The man destined to replace Alejandro Mayorkas (now deputy secretary of DHS) as head of USCIS might be regarded as an East Coast version of his predecessor.

Leon Rodriguez, currently director of the Department of Health and Human Services Office for Civil Rights, has been nominated by the president to succeed Mayorkas in the main USCIS job; no date has been set yet for his confirmation hearing.

The parallels between the two men are almost eerie: both are of Cuban descent, both are lawyers, and both are Democrats who held political appointments prior to coming to USCIS. But that’s not all: both are fluent in Spanish, both went to Catholic law schools (Loyola for Mayorkas, Boston College for Rodriguez), both served as assistant U.S. attorneys, and both have strong political connections (Democratic), but neither’s resume indicates a try for electoral office and neither, before coming to USCIS, had much to do with immigration.

Mayorkas, at 54, appears to be a couple of years older than Rodriquez. Were they involved in a sibling rivalry, Rodriquez would point out that he went to an Ivy League school (Brown) as Mayorkas did not, and that Rodriguez’ resume mentions fluent French, which his predecessor’s does not. Mayorkas, however, could claim that he had a presidential appointment (as U.S. attorney for Central California) more than a decade before Rodriquez got one.

Interestingly, while Mayorkas’ Cuban connection is all over his published government biography, and frequently mentioned in his own speeches, Rodriguez’s Cuban ties are not. They pop up, however, in an earlier health policy publication.

Rodriquez, if confirmed, would be the fourth consecutive Cuban-American to hold the job. The first two, under the George W. Bush administration, were Eduardo Aguirre and Emilio Gonzalez, both of them, like Mayorkas, were born in Cuba. Rodriguez was born to then-recent Cuban emigrants in Brooklyn. I have not seen this reported by the media.

After serving as an assistant district attorney in Brooklyn (that’s a state, not a federal position), Rodriquez moved to the U.S. attorney’s staff in Pittsburgh, winding up as the first assistant there. He also was in private practice, and from 2007 through 2010 he was the County Attorney for Montgomery County, Md., a Democratic stronghold.

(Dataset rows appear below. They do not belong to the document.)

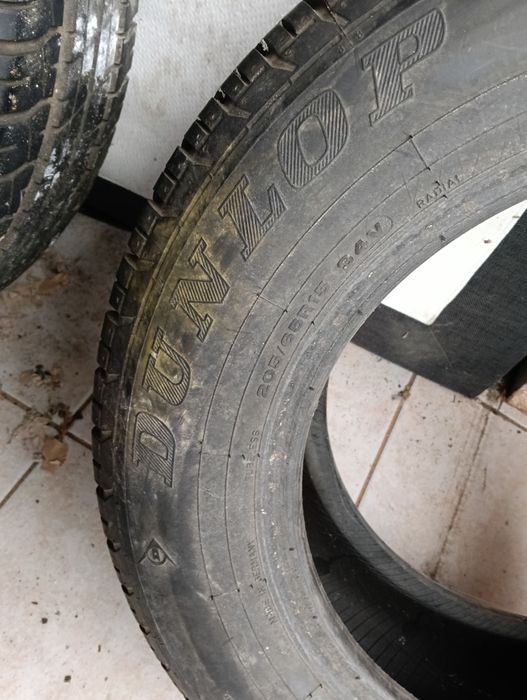 Para opon 205,65,15" Dunlop SP Sport 200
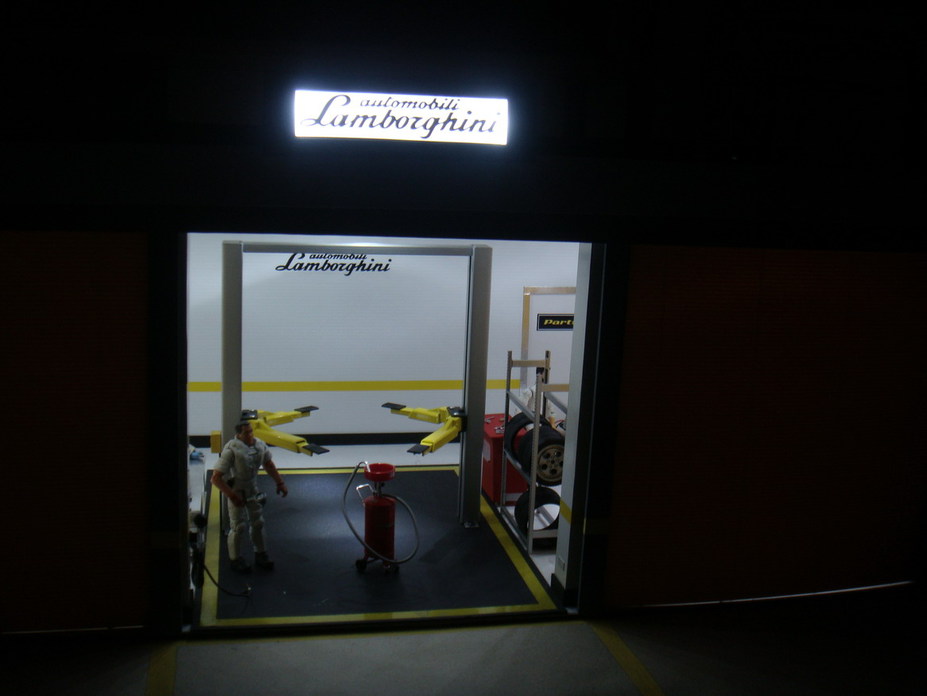 Lamborghini Garage Diorama Small 7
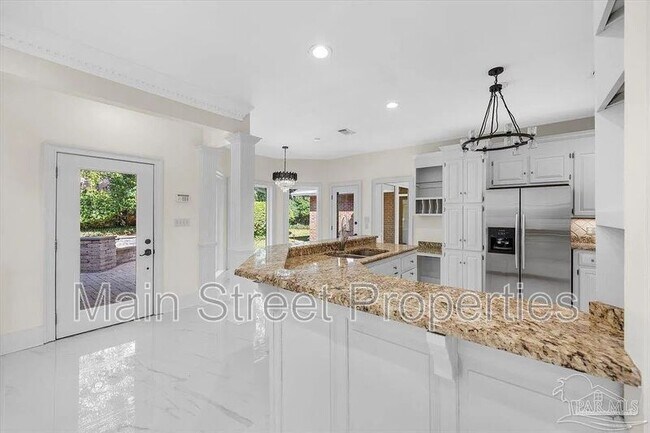 Building Photo - 4700 Bohemia Dr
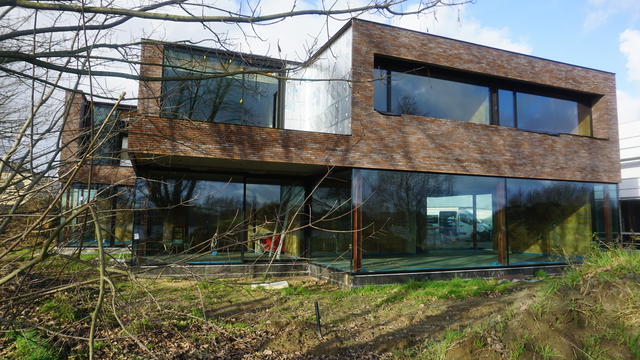 Bouwen van een vrijstaande woning te Eke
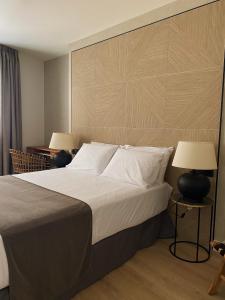 Cama o camas de una habitación en Apartamentos Málaga Premium - Calle San Telmo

He held political positions in the Obama Justice and DHHS departments before his current nomination.

According to reporting by Kenric Ward, Washington correspondent for, Rodriguez’ nomination faces Republican opposition for this position, as it did three years earlier when Obama nominated him to be head of the Wage-Hour Administration in the Labor Department, only to withdraw the nomination later.

In the interim, since Mayorkas was confirmed as DHD deputy secretary, the acting head of USCIS has been Lori Scialabba, the agency’s deputy director, and a career government attorney.